Objective: To evaluate the binding of recombinant human proteoglycan 4 (rhPRG4) to CD44 receptor and its consequences on cytokine-induced synoviocyte proliferation.
Methods: The binding of rhPRG4 to CD44 and competition with high molecular weight (HMW) hyaluronic acid (HA) was evaluated using a direct enzyme-linked immunosorbent assay (ELISA) and surface plasmon resonance. Sialidase A and O-glycosidase digestion of rhPRG4 was performed, and CD44 binding was evaluated using ELISA. Rheumatoid arthritis (RA) fibroblast-like synoviocytes (FLS) were stimulated with interleukin-1β (IL-1β) or tumor necrosis factor α (TNFα) for 48 hours in the presence or absence of rhPRG4 or HMW HA at 20, 40, and 80 μg/ml, and cell proliferation was measured. The contribution of CD44 was assessed by coincubation with a CD44 antibody (IM7). The antiproliferative effect of rhPRG4 was investigated following treatment of PRG4(-/-) mouse synoviocytes with IL-1β or TNFα in the presence or absence of IM7.

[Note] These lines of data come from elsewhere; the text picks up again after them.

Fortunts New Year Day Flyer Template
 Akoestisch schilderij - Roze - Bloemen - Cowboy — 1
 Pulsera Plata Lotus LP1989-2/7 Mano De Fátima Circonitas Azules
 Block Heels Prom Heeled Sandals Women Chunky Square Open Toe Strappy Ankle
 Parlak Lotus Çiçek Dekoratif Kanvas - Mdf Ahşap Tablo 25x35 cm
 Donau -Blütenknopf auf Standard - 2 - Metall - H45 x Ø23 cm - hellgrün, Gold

Results: Recombinant human PRG4 bound CD44 and interfered with the binding of HMW HA to CD44. Removal of sialic acid and O-glycosylations significantly increased CD44 binding by rhPRG4 (P < 0.001). Both rhPRG4 and HMW HA at 40 and 80 μg/ml significantly suppressed IL-1β-induced proliferation of RA FLS (P < 0.05). Recombinant human PRG4 at 20, 40, and 80 μg/ml significantly suppressed TNFα-induced RA FLS proliferation (P < 0.05). CD44 neutralization reversed the effect of rhPRG4 on IL-1β- and TNFα-stimulated RA FLS and the effect of HMW HA on IL-1β-stimulated RA FLS. Recombinant human PRG4 inhibited cytokine-induced proliferation of PRG4(-/-) synoviocytes, which could be prevented by blocking CD44.
Conclusion: PRG4 (lubricin) is a novel putative ligand for CD44 and may control synoviocyte overgrowth in inflammatory arthropathies via a CD44-mediated mechanism.
© 2015, American College of Rheumatology.